Iavarone batte soprattutto su un tasto: creare strutture in grado di congelare i tumori a 70 gradi sotto zero in modo da poter avviare quando possibile le analisi genetiche. «Al Sud questo non viene quasi mai fatto perché mancano le banche dei tumori», insiste il professore della Columbia University. «Lo so che le terapie iniziate in un ospedale del Nord vengono proseguite al Sud, ma sono le terapie standard, la chemio, non le azioni più innovative, che sono anche le più complicate. Mi fa male vedere che non c'è alcuna risposta sulla necessità di dotare tutta l'Italia di un sistema d'avanguardia nelle cure. Basta dire che al Sud siamo bravi. È vero, ci sono eccellenze. Ma dobbiamo avere progetti transformative. Innovativi, rivoluzionari, direi in italiano. Se non iniziamo almeno a congelare i tumori asportati, non potremo mai analizzare le alterazioni genetiche e - se quei tumori si ripresenteranno con una recidiva - non daremo la risposta farmacologica adeguata. Dobbiamo creare la banca dati, altrimenti non ci sarà alcuna terapia personalizzata possibile».

 
Una prima risposta arriva da Enrico Coscioni, responsabile sanità della Campania e diretto collaboratore del presidente Vincenzo De Luca: «Parliamone - dice al Mattino - io personalmente non sono un esperto del campo della genetica e quindi mi documenterò. Ma lo sforzo della Regione e del presidente De Luca è di dare ai chi si cura in Campania le migliori risposte possibili. Intanto migliorando l'organizzazione e l'accoglienza. La rete oncologica regionale con il Pascale come hub è un importante passo avanti perché ci consente di mettere in rete le eccellenza che ci sono e che sono riconosciute. E le collaborazioni dall'estero sono le benvenute».

Iavarone coglie l'occasione e puntualizza: «Lancio una proposta alle istituzioni pubbliche, alle Regioni del Sud: collaborate tra voi, fate partire un progetto di ricerca genetica nel Mezzogiorno, un Human Technopole Sud.
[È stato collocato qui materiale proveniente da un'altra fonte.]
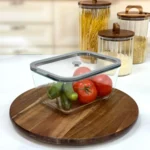 Hıelo 2600 Ml Cam Saklama Kabı-Gri Şerit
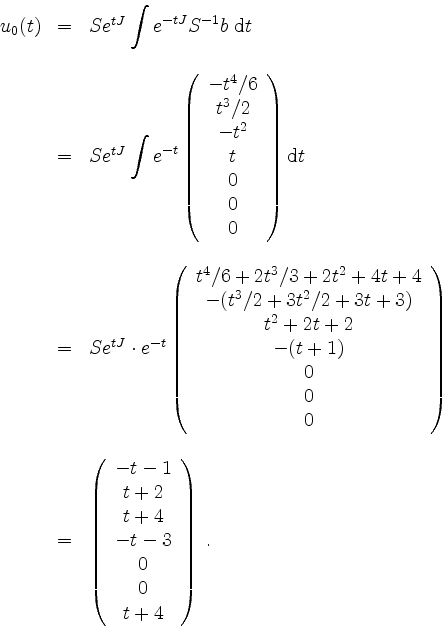 \begin{displaymath}
\begin{array}{rcl}
u_0(t)
& = & S e^{tJ}\displaystyle\int e...
...- 3\\
0\\
0\\
t + 4\\
\end{array}\right)\; .
\end{array}\end{displaymath}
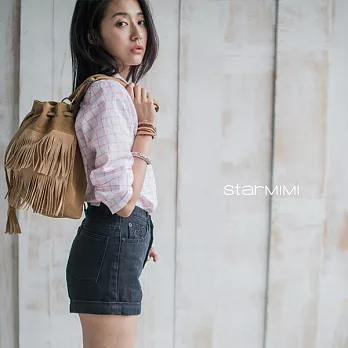 【StarMIMI】休閒百搭經典長袖襯衫＊M粉格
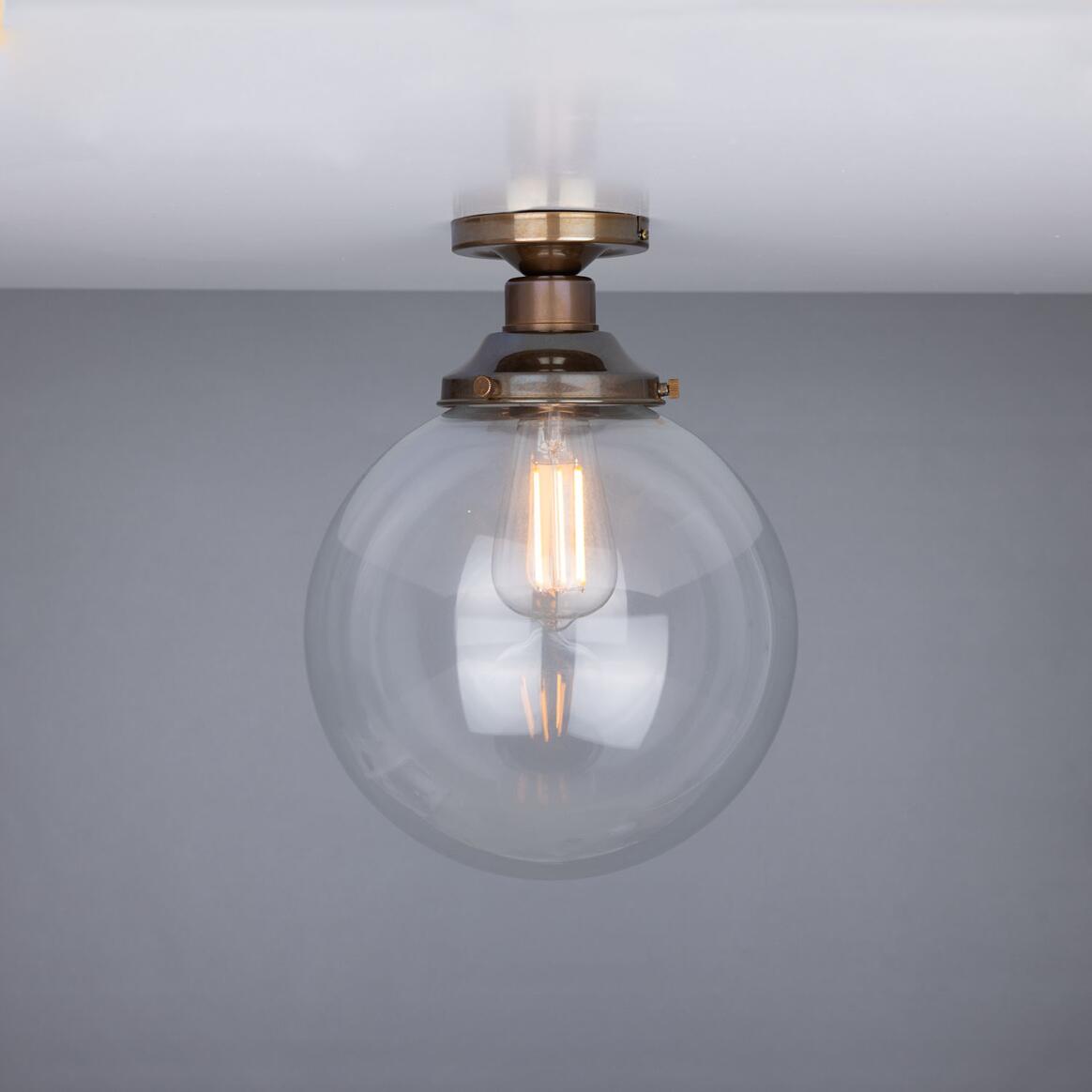 Riad Clear Glass Globe Flush Ceiling Light 25cm main product image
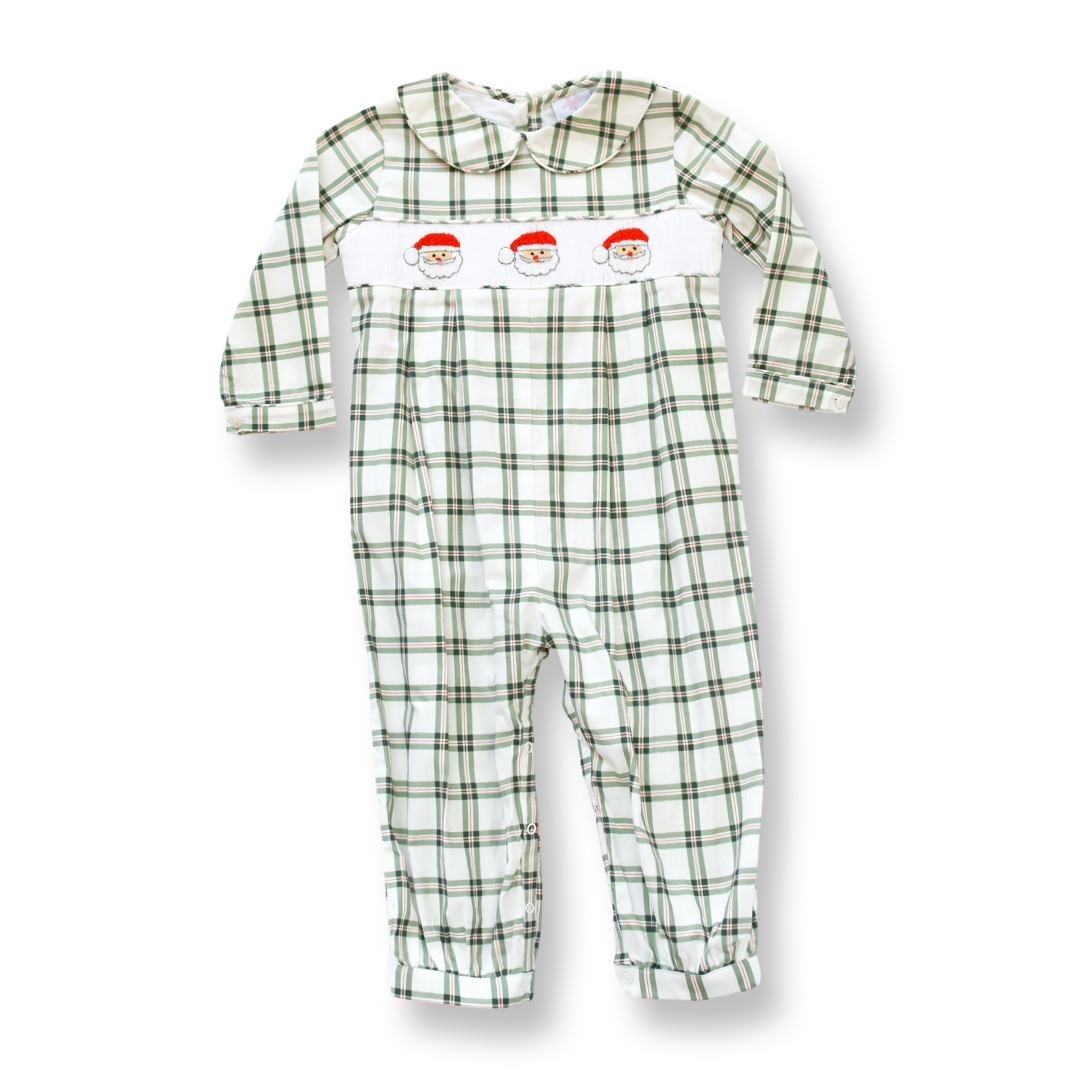 PRE-ORDER Boys Green Gingham Smocked Santa Romper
Il meridione deve avere il coraggio di mettere in campo progetti ambiziosi come questo. Le cure migliori possono solo derivare dalla ricerca più avanzata fatta in grandi hub di ricerca che forniscono le migliori terapie possibili ai pazienti che vivono in quei territori e che diventano anche poli di attrazione internazionale per i migliori medici e scienziati. Questo è quello di cui il Sud ha veramente bisogno. Per noi della Columbia University il centro di riferimento per il tumore al cervello è il Besta a Milano, cui peraltro invio tutti i malati italiani con tumori al cervello. Con il Besta speriamo di far partire quanto prima la sperimentazione personalizzata contro la fusione di geni FGFR3-TACC3 che provoca il 3% dei tumori, di tutti i tumori non solo del glioblastoma. Nei confronti del gene maligno quale stiamo mettendo a punto una terapia. Da meridionale che vive da vent'anni all'estero e che ha a cuore la propria terra chiedo: possiamo avviare una collaborazione simile a quella con il Besta nel Sud Italia?»